背徳的な「堕とし」に甘い成分を塗した絶妙な作品
★★★★★
全体的な作風こそ背徳的で強引な「堕とし」の展開だが、これに何とも甘いコーティングを施した特異な雰囲気を醸す作品である。田沼作品らしいワルさを見せる主人公だが、深い愛情と顛末後の覚悟も責任も持ち合わす一面も同胞している。予想だにしない展開を主人公が導き、それに困惑して拒むものの翻弄され、メロメロにされ、かしずかされ、そして最後にはうっとり幸せ気分にさせられてしまうヒロイン達にあって、そのメインはズバリ母。主人公の彼女の母である。この母を籠絡する前提として、彼女である娘(姉)は最初から堕ちており、真面目な娘の牝な痴態を母が覗き見てしまうところから物語が始まる。驚きながらも疼き出した母が抗えず扉越しに自ら慰めて絶頂を極めるまでが全体の約1/3。ここまでをじっくりねっとりしつこいくらいに描写しているが、まだこれは序章に過ぎない。続く母へのアプローチから本懐を遂げるまでに同じく1/3くらいかけて、困惑して抗おうとする理性と愉悦を覚えてしまう感性とがひしめき合いぶつかり合う母の心境と、その絶世の美貌と超絶な魅力に屈伏しそうになりながらも負けずに母をモノにしていく主人公の責めが繰り返し綴られる。
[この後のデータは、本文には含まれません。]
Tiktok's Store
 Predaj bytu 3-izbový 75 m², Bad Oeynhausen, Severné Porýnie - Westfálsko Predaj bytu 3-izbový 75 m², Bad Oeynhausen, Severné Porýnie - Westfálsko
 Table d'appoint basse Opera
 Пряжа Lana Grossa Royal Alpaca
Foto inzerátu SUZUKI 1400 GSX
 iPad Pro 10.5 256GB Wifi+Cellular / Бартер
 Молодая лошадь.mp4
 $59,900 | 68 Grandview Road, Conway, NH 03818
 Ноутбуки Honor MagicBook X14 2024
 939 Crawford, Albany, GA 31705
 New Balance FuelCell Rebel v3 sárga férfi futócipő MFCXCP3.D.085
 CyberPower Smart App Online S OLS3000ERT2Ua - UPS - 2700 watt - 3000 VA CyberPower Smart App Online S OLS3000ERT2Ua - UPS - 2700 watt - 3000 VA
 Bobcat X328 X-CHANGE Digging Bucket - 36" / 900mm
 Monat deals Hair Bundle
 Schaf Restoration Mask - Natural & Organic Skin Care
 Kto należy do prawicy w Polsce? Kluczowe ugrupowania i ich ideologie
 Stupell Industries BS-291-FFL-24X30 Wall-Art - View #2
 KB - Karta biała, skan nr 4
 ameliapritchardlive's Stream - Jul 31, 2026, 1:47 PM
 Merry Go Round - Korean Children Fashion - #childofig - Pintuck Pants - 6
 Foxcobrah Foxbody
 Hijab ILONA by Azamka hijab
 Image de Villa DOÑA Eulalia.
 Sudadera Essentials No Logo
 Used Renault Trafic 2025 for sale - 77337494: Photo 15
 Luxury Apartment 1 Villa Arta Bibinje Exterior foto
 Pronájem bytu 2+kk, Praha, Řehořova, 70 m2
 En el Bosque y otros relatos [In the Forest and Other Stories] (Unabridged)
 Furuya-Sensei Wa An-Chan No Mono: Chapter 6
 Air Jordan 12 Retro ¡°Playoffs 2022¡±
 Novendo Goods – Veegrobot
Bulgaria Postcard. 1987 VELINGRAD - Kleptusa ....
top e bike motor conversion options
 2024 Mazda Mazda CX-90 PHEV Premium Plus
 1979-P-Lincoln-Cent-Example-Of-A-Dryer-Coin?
遂に合体を果たした時の興奮はかなりのものである。そしてもう1人の、素直じゃない娘(妹)も瞬く間にモノにしてしまう。これも妹が内心主人公に惹かれているのを巧みに利用してはいるのだが、その無垢な可憐さを賛美もする主人公である。ただ、最後に至って急に今までの歪んだ愛の行為を消し去るかのような心暖まるドラマ展開を迎えるのが、違和感ととるか静かな感動ととるか、好みが分かれるかもしれない。しかし、凌辱一辺倒ではない、実に作者らしい独特の愛欲絵巻を(田沼作品としては)ライトに仕上げた作品ではなかろうか。